16/06/2010

A cova torna todos iguais



A arte não tem a função de salvar nada nem ninguém, ela não possui um significado por si, para que ela adquira sentido devemos valorá-la. Sendo assim, gosto de entender a arte como algo que deve ser fonte de vida e de força, não de fraqueza e coisas melosas.
Em tempos de criminalização da miséria pelo estado, em um momento no qual a mídia e grande parte dos artistas servem apenas a eles mesmos, nos bate na cara obras que possuem uma riqueza de imagens e significados. Assim é "Morte e Vida Severina", de João Cabral de Melo Neto, escrito entre 1954 e 1955. Bonito e triste. Um enredo que mistura crueldade, pobreza e desigualdade social. Cada um entenda como desejar ou puder. Para mim o João Cabral usou um tema agrário pra pensar tragédias humanas.



O livro foi musicado por Chico Buarque de Hollanda em 1965 e 1966. "Funeral de um lavrador" é aqui interpretado por Chico Buarque e MPB4.

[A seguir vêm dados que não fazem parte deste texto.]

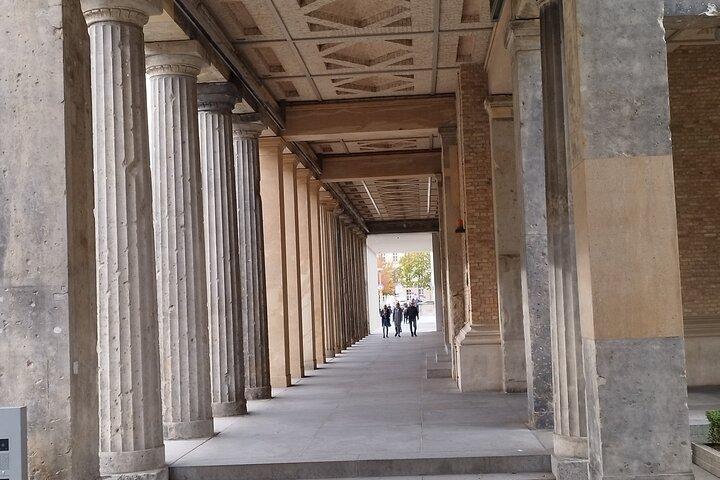 Private Walk up to 6 Person with Berlin Tour Guides(Din EN 15565)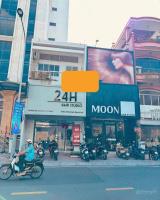 Chủ ngộp bank!chủ cần bán nhà mt đường huỳnh văn bánh p11 phú nhuận.dt9,3x13m giá hạ sâu về 45 tỷ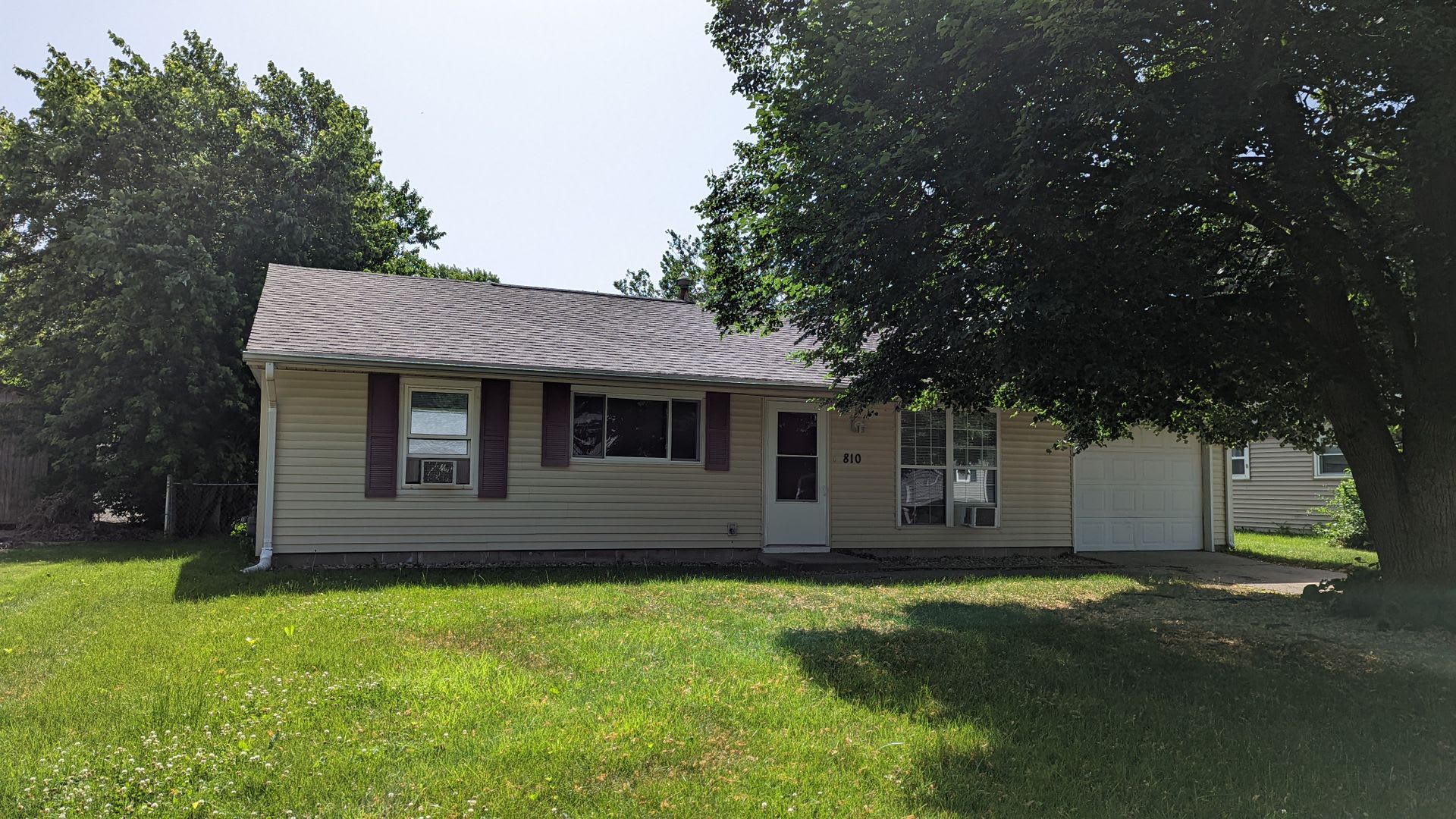 3 Bed 2 bath home located near shopping, schools, and parks – photo 1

Esta cova em que estás com palmos medida
É a conta menor que tiraste em vida
É a conta menor que tiraste em vida

É de bom tamanho nem largo nem fundo
É a parte que te cabe deste latifúndio
É a parte que te cabe deste latifúndio

Não é cova grande, é cova medida
É a terra que querias ver dividida
É a terra que querias ver dividida

É uma cova grande pra teu pouco defunto
Mas estarás mais ancho que estavas no mundo
estarás mais ancho que estavas no mundo

É uma cova grande pra teu defunto parco
Porém mais que no mundo te sentirás largo
Porém mais que no mundo te sentirás largo

É uma cova grande pra tua carne pouca
Mas a terra dada, não se abre a boca
É a conta menor que tiraste em vida
É a parte que te cabe deste latifúndio
É a terra que querias ver dividida
Estarás mais ancho que estavas no mundo
Mas a terra dada, não se abre a boca.


.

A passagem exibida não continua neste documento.